The 411 on Child Resistant Packaging Regulations
Child resistant packaging was first developed in the late 1960s and has been mandated for certain products since 1970, when the Poison Prevention Packaging Act (PPPA) became federal law. The PPPA identifies household substances that may cause serious harm to children if accidentally ingested, and requires that they be packaged in child-resistant packaging is subject to a rigorous testing protocol. For a substance to be subject to the PPPA, it must meet two criteria:
- Significant Risk. The product must present a risk of serious injury or illness to a child who can ingest or handle the contents. Cannabis products meet this criteria, as a child consuming cannabis edibles could experience various dangerous symptoms, particularly if a large quantity of candy-like, high-concentration edibles are consumed.
- Ability to Effectively Package. The technology must either already exist or be possible to develop that would allow the mass production of child-resistant packaging that would not impact the quality or interfere with the use of the product.
The Consumer Product Safety Commission (CPSC), which is tasked with the administration of the PPPA, has specific guidelines that are used to determine whether a product meets these qualifications.
Child-Resistant Packaging for Medications and Cannabis Products
Understanding the need for child resistant (CR) packaging starts with understanding the state’s regulations and codes as well as defining which type of cannabis product is being discussed.
For example, many cannabis concentrates, distillates and oils are in jars that have CR feature; therefore the secondary packaging (folding carton) may not be required to have any special CR functionality or need to be certified.
Cannabis products such as cartridges (that are loaded into vape pens) can also be considered to be CR compliant, but some states don’t and therefore the secondary folding carton must have a CR certified design in order to be compliant.
Cannabis edibles are the product that most often will need to have a secondary package (folding carton) that is CR approved.

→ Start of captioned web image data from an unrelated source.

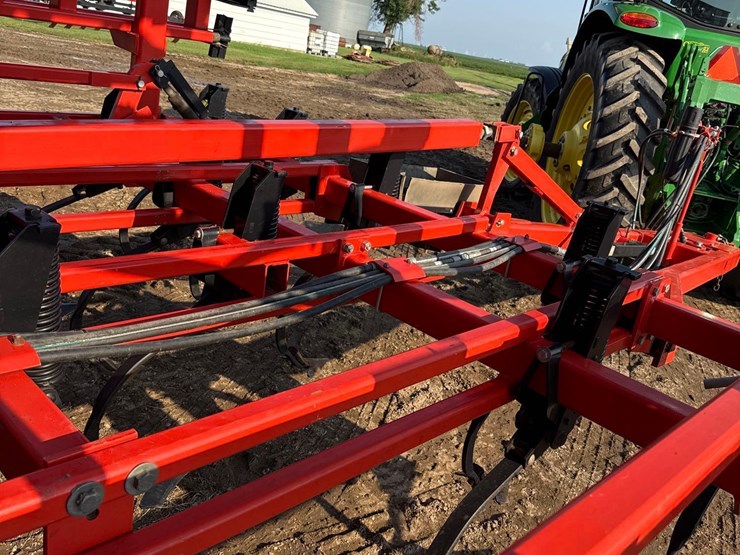 2013-kuhn-krause-5635-46ft-field-cultivator-image-69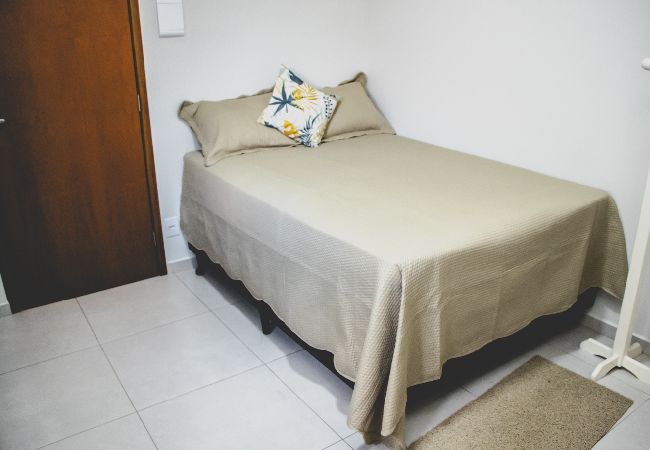 Apartamento em Itajubá - Ótima kitnet prox à UNIFEI com Wi-Fi e Smart TV Apartamento em Itajubá - Ótima kitnet prox à UNIFEI com Wi-Fi e Smart TV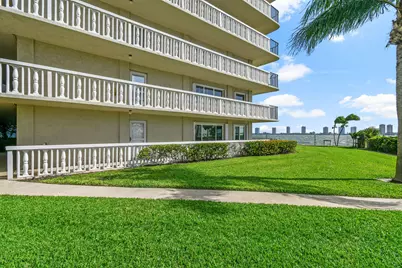 801 Lake Shore Drive #109, Lake Park, FL 33403 - Photo 33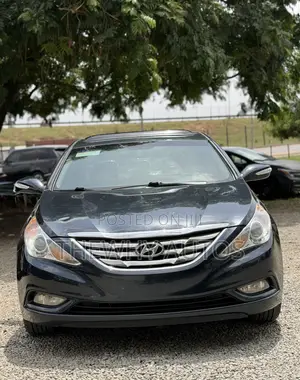Hyundai Sonata Limited Sedan FWD (2.4L 4cyl 6A) 2011 Black
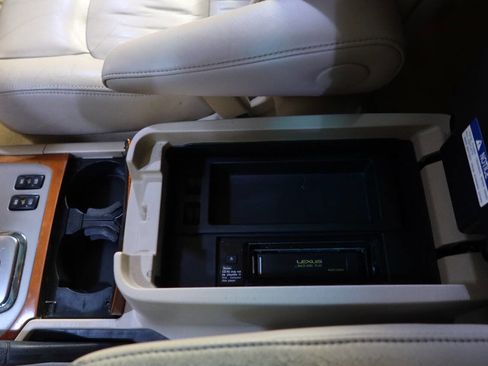 Used 2005 Lexus LX 470 4WD image 28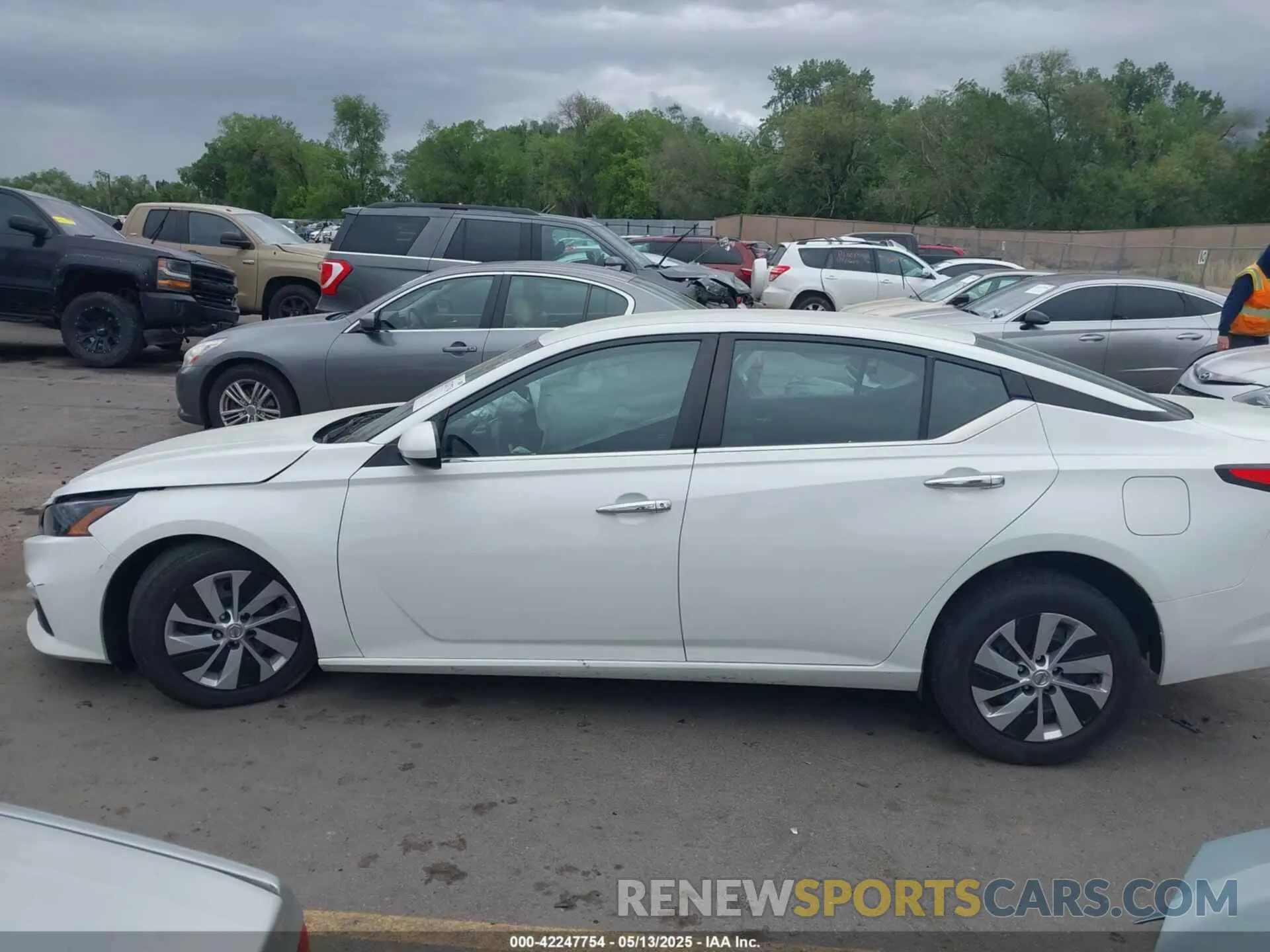 14 fotografías del automóvil dañado 1N4BL4BV8NN345843 NISSAN ALTIMA 2022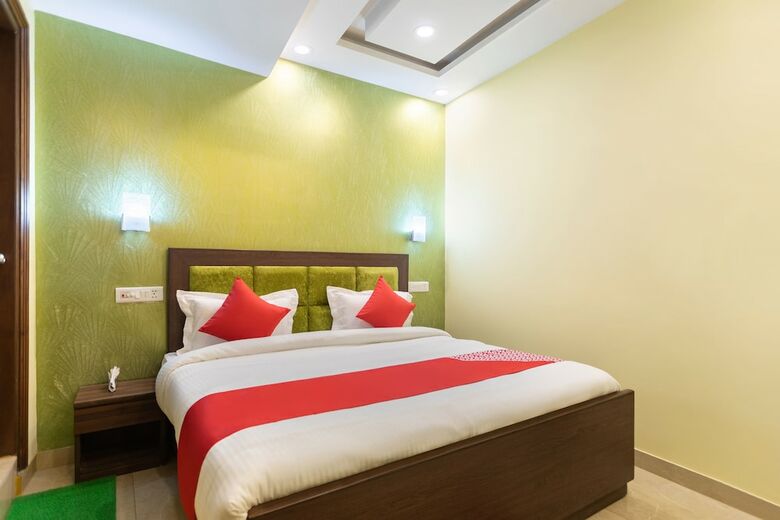 Airport Hotel R S Palace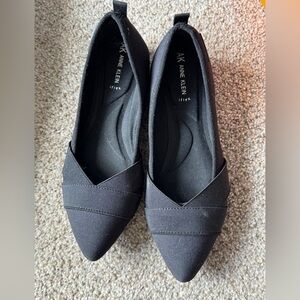 Anne Klein black flats size 7.5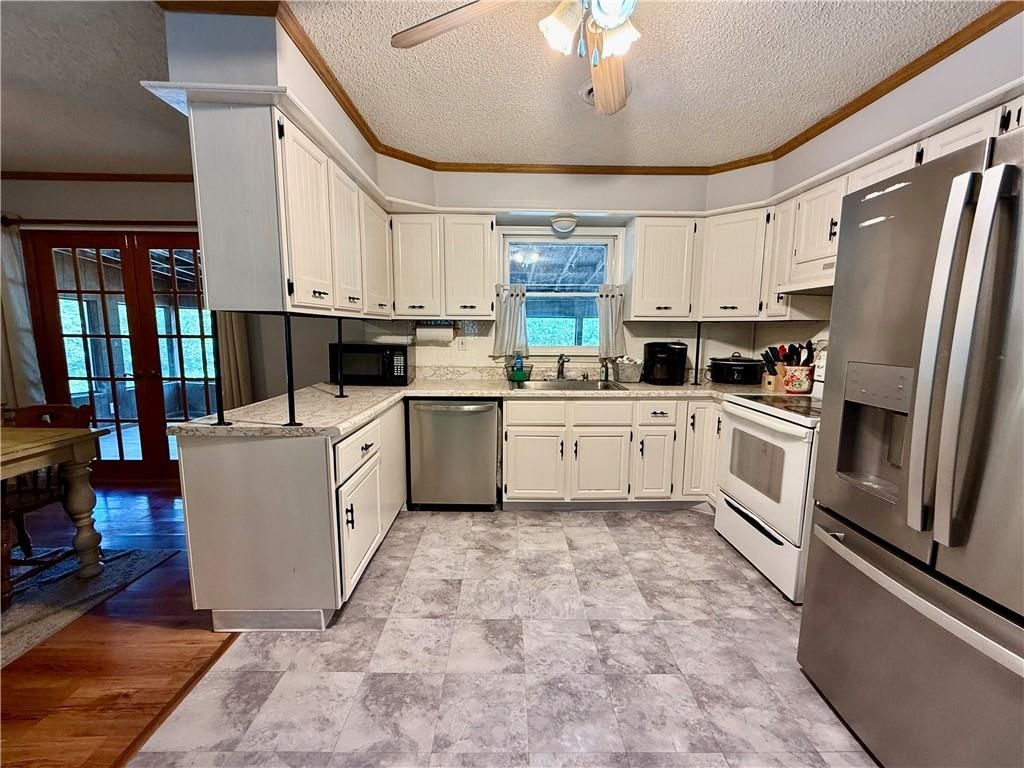 14990 Lakeside Drive — photo 11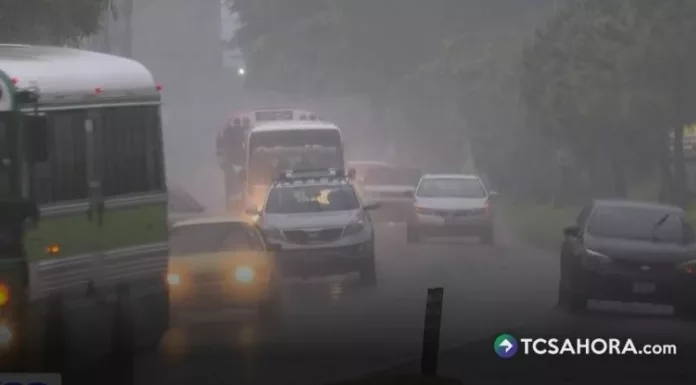 Uno de los problemas más frecuentes durante las lluvias son las filtraciones de agua que quedan en los vehículos.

Edibles such as chocolate bars and other candies can only be wrapped with foil or plastic which is does not contain and CR functionality.
One of the last lines of defense that is used by a cannabis company and dispensaries is the use of CR exit bags. In the event the product’s primary or secondary cannabis packaging does not have CR functionality or the company doesn’t want to invest in a different package, the dispensary can place the cannabis product into a retail exit bag. However, more and more responsible and leading cannabis companies are moving away from using exit bags as a CR solution because they understand that it pushes the responsibility to the dispensary level where mistakes and risk can still occur.

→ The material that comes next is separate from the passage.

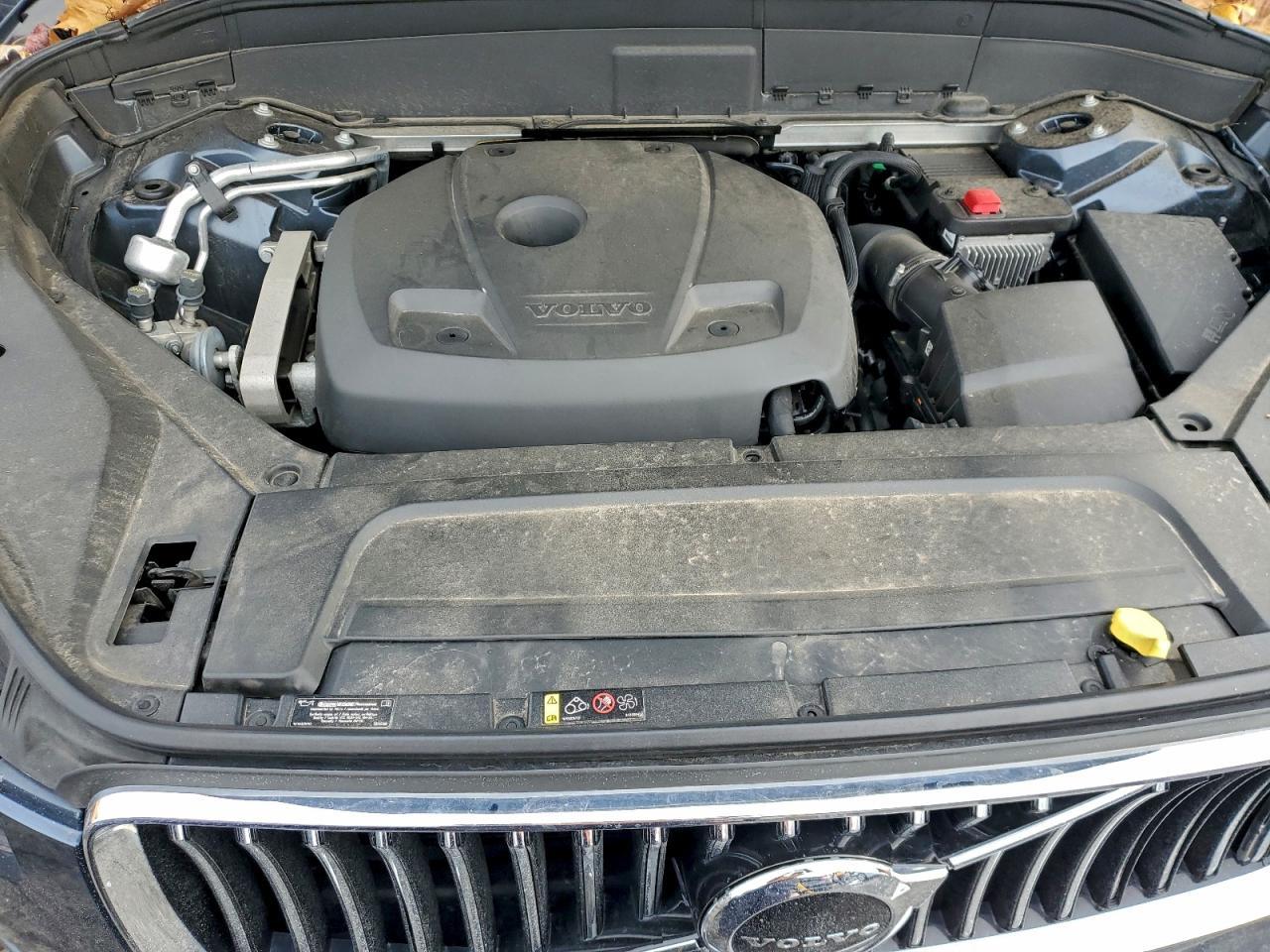 2020 VOLVO XC90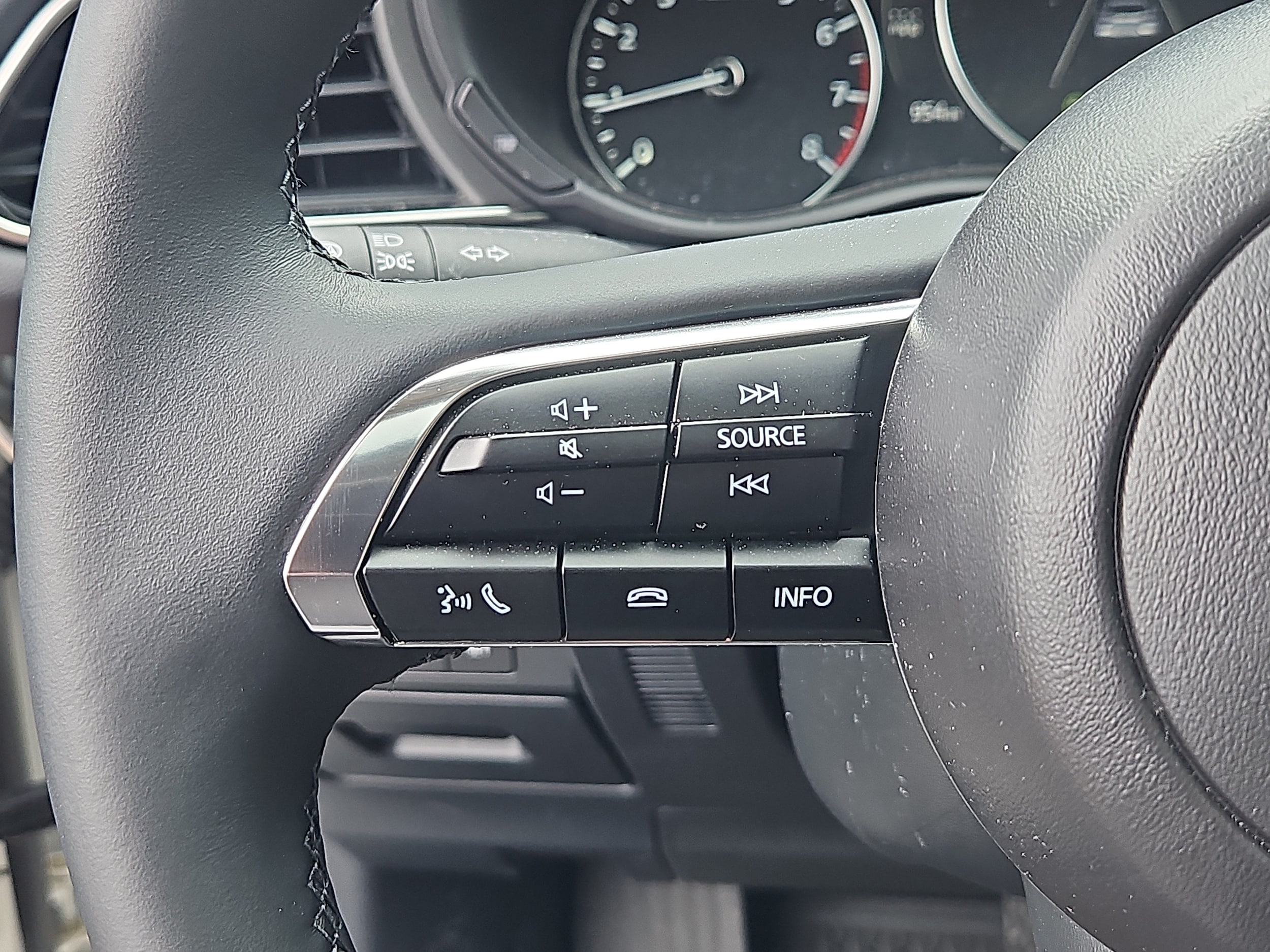 2025 Mazda CX-30 Preferred - Photo 23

Cannabis Packaging: Changing Laws
The fact that marijuana is still illegal under federal law, even for medical purposes, means that each state must develop their own regulatory laws and practices as cannabis-infused products are legalized within their borders. This applies to packaging regulations as well as those governing usage restrictions. Packaging requirements differ not only between states, but also between products intended for medical and recreational use: an extractor who has been successfully producing medical marijuana for years may have to develop new, child-resistant packaging to sell the exact same product for recreational use.
While most states that have legalized recreational marijuana require cannabis-infused products to be sold in child resistant packaging, some also require that the containers be opaque and/or resealable. Labels are generally required by law to contain information on all ingredients, concentration, and serving size, but some jurisdictions also require multiple warning statements and/or a marijuana symbol, or prohibit packaging that could appeal to children.